Self-Assessment Task

  • Using the Total Station, open a new job file; enter details of the occupation point and perform a backsight, collect data and store this on the hard drive or memory card.

Section 6  Building Surveys

Aims and Objectives

At the end of this section you should be able to: 
  • Explain the procedure to be adopted in carrying out a building survey.

Apart from measuring land you may also be called upon to measure existing buildings. This will entail the completion of a Measured Building Survey, which is the accurate measurement of a building in order to produce: 
  • plans
  • sections
  • elevations
 These surveys are carried out to facilitate: 
  • planning applications
  • construction and refurbishment operations
 An accurate survey can be carried out using simple equipment or alternatively complex equipment such as a reflectorless total station. The most basic form of measured survey would use the following equipment: 
  • Digital Camera
  • Digital measure (Figure 13)
  • Tape measure
  • 30m Tape
  • Spirit Level
  • Adjustable Set Square
  • Paper & pencil 


Figure 13 

The procedures used in collecting measured survey data on external elevations are: 
  • Take digital photographs of all the elevations
  • Take each elevation in turn and produce a neat sketch
  • Measure those features which are accessible and note on the sketch
  • Measure the average distance between bricks both horizontally and vertically
  • Count the numbers of bricks and courses to windows and doors etc within the elevation
  • Convert the bricks and course into actual measurements and note these on the elevation
  • Progress around the elevations until all are sketched and dimensions noted.
  • The pitch of the roof should be measured using an adjustable set square and large spirit level
  • The pitch can be confirmed from within the loft if accessible
The procedures used in collecting measured survey data on internal areas are: 
  • Produce a sketch plan of each floor showing the position of rooms, doors and windows.
  • Using the digital measure and record all the dimensions on the sketch plan
  • Continue the measurement and recording procedure until all rooms are completed
  • Vertical heights within rooms are noted in order to verify external dimensions. 
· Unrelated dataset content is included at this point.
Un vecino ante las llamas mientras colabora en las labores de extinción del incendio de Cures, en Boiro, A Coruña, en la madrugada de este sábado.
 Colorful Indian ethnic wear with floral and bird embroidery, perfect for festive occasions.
The photographs, sketches and notes are taken back to the office and used to produce accurate drawings. 

Alternatively the use of electronic data loggers and reflectorless total stations can be used to automatically record both internal and external data which is downloaded directly into AutoCad.


  • Irvine, W, (1995) Surveying for Construction, McGraw-Hill: Berkshire (Chapter 16)

Self-Assessment Task

  • Explain the procedure to be adopted in carrying out a building survey.